I will be grateful for any help.

## Theory nt.number – The correct determining exponent of the weight \$ k \$ – operator for the definition of operators Hecke / adélisantes modular forms

For $$g in operatorname {SL} _2 ( mathbb R)$$, and $$mathbb H$$ the top half of the plane, and $$k geq 1$$ an integer, the weight $$k$$-operator on the functions $$f: mathbb H rightarrow mathbb C$$ is defined by

$$f[g](z) = f (g.z) j (g, z) ^ {- k}$$

or $$j (g, z) = (cz + d) ^ {- 1}$$, $$g = begin {pmatrix} a & b \ c & d end {pmatrix}$$.

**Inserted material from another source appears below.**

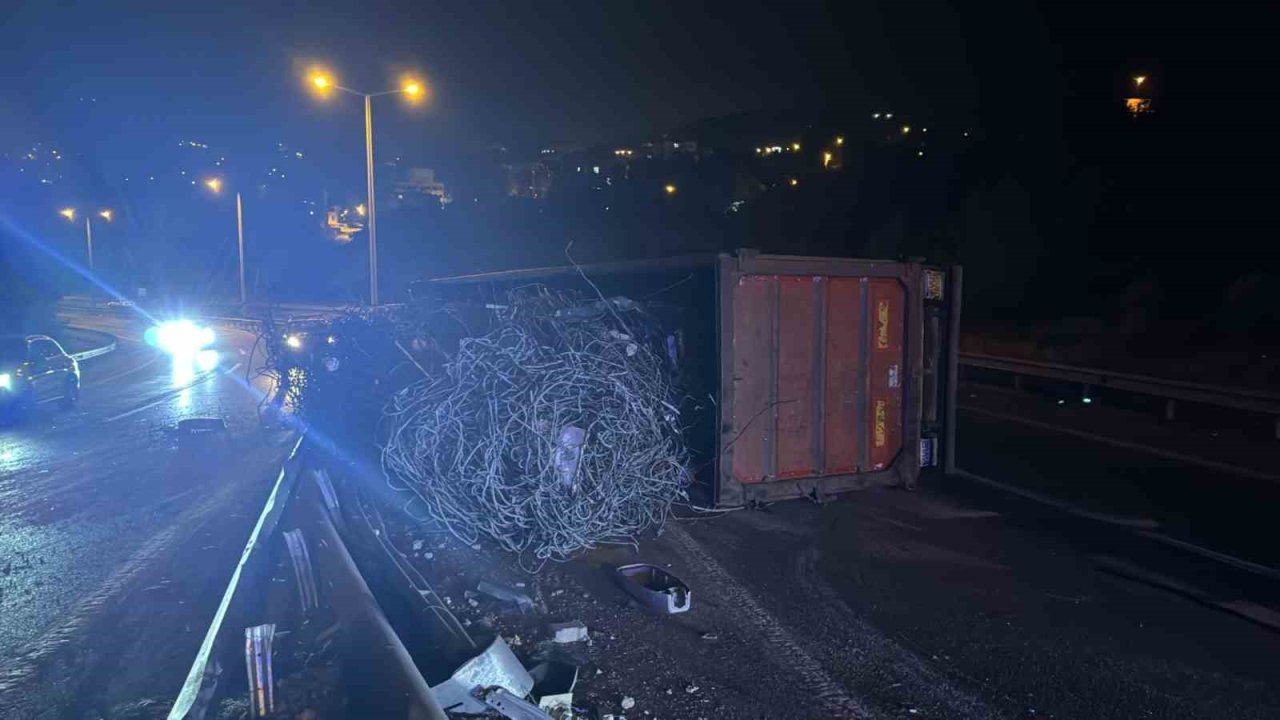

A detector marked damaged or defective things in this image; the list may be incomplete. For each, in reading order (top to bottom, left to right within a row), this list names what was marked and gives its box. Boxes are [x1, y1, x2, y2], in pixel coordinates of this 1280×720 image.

overturned truck trailer [417, 251, 962, 504]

In order to define the Hecke operators, to adapt the modular forms or to identify the modular forms as functions on $$operatorname {GL} _2 ( mathbb R) ^ +$$, it is necessary to extend this definition to $$g in operatorname {GL} _2 ^ + ( mathbb R)$$. In A first course in modular form, Chapter 5.1 Set of Diamonds and Shurman

$$f[g](z) = f (g.z) j (g, z) ^ {- k} det (g) ^ {k-1}$$

In Automorphic forms and representations, chapter 1.4 Bump sets

$$f[g](z) = f (g.z) j (g, z) ^ {- k} det (g) ^ {k / 2}$$

Which exponent of the determinant is best to use, and why? If we adele an eigenform of Hecke for $$operatorname {SL} _2 ( mathbb Z)$$ and look at the corresponding automorphic representation $$pi = otimes_p pi_p$$, which normalization is better to define Hecke operators with, if we want the standard operator Hecke $$T_p$$ naturally coincide with an action of spherical Hecke algebra $$mathscr H ( operatorname {GL} _2 ( mathbb Q), operatorname {GL} _2 ( mathbb Z_p))$$ on the local component $$pi_p$$?

Recall that to adelise a modular form $$f$$ of $$operatorname {SL} _2 ( mathbb Z)$$ of a given weight, we would identify first of all $$f$$ with a function $$phi$$ sure $$operatorname {GL} _2 ^ + ( mathbb R)$$ putting

$$phi (g) = f[g](i)$$

and then we would define an automorphic form $$varphi$$ sure $$operatorname {GL} _2 ( mathbb Q) backslash operatorname {GL} _2 ( mathbb A)$$ using decomposition $$operatorname {GL} _2 ( mathbb A) = operatorname {GL} _2 ( mathbb Q) operatorname {GL} _2 ^ + ( mathbb R) K$$ for $$K$$ a suitable compact subgroup, writing $$g = alpha g _ { infty} k$$and setting $$varphi (g) = phi (g _ { infty})$$.